## WHAT YOU NEED TO DO
Since the records include pictures, leave those out while you reproduce exactly and only the lines from the one containing "Portada exterior y" through the one containing "2010 Skoda Fabia - мініатюра 22", inclusive.
== EXERCISE DATA
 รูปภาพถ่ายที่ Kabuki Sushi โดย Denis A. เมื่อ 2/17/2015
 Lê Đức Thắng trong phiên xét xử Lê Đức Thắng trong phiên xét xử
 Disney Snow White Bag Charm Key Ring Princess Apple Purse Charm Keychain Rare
====
== EXERCISE DATA
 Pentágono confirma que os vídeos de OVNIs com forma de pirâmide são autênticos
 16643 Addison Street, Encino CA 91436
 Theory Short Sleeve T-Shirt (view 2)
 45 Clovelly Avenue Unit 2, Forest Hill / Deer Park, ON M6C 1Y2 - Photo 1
====
== EXERCISE DATA
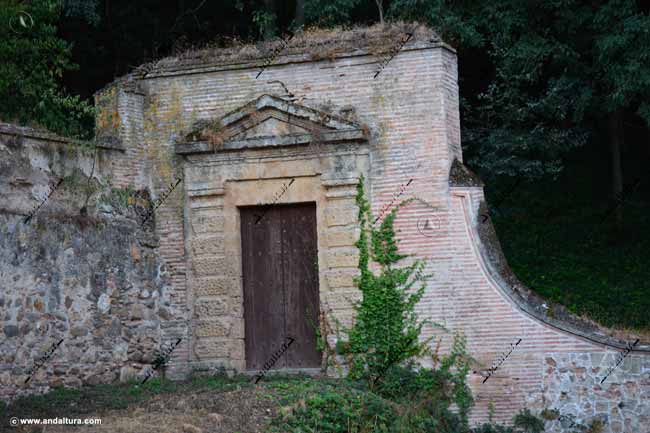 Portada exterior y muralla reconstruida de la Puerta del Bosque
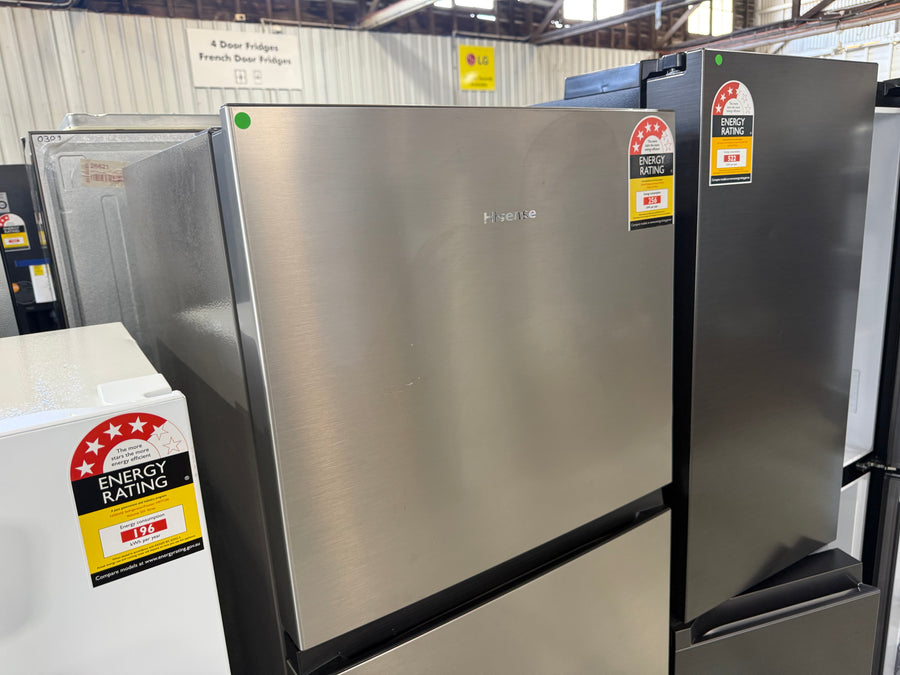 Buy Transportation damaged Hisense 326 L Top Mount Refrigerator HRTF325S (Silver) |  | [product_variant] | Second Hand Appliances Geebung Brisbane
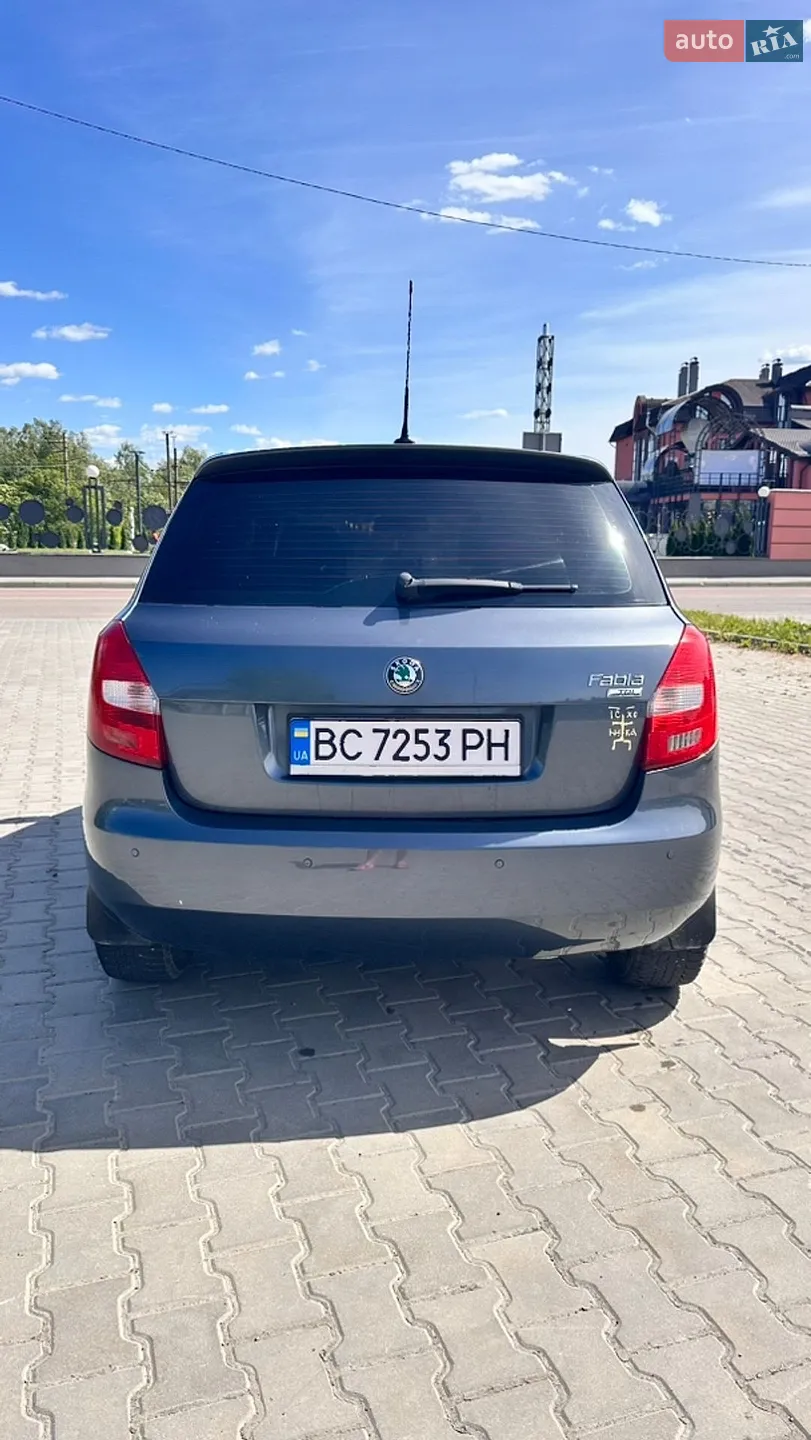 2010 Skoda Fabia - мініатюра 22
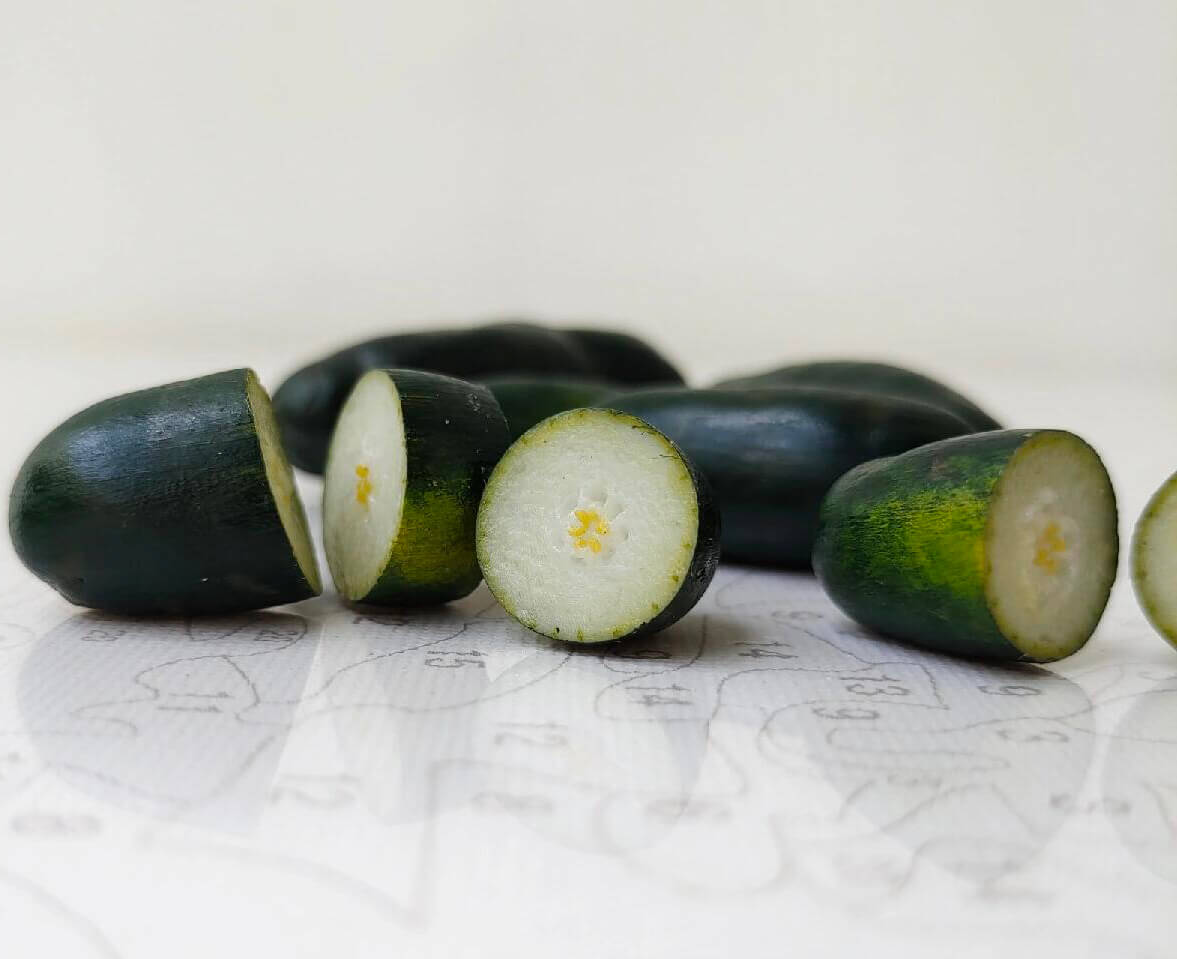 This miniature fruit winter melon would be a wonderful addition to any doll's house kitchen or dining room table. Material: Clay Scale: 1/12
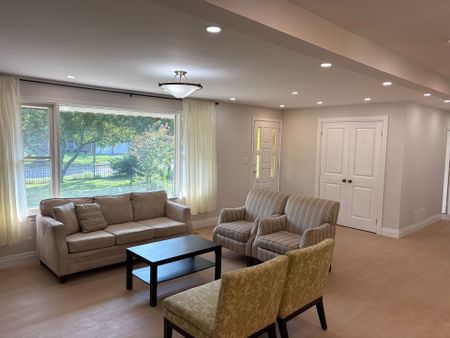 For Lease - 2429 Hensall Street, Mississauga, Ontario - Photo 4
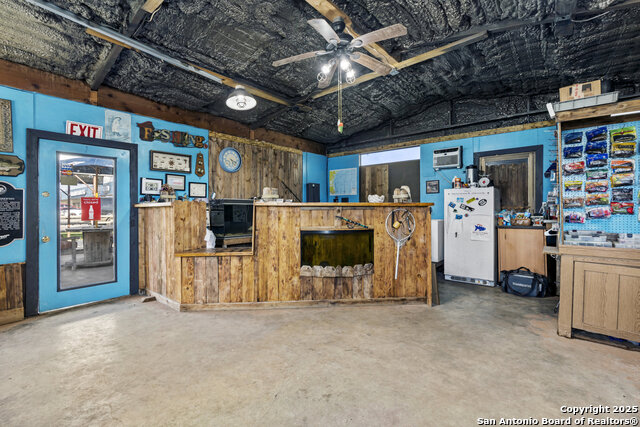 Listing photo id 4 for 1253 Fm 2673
====
## SOLUTION FOR THIS PROBLEM
 Portada exterior y muralla reconstruida de la Puerta del Bosque
 Buy Transportation damaged Hisense 326 L Top Mount Refrigerator HRTF325S (Silver) |  | [product_variant] | Second Hand Appliances Geebung Brisbane
 2010 Skoda Fabia - мініатюра 22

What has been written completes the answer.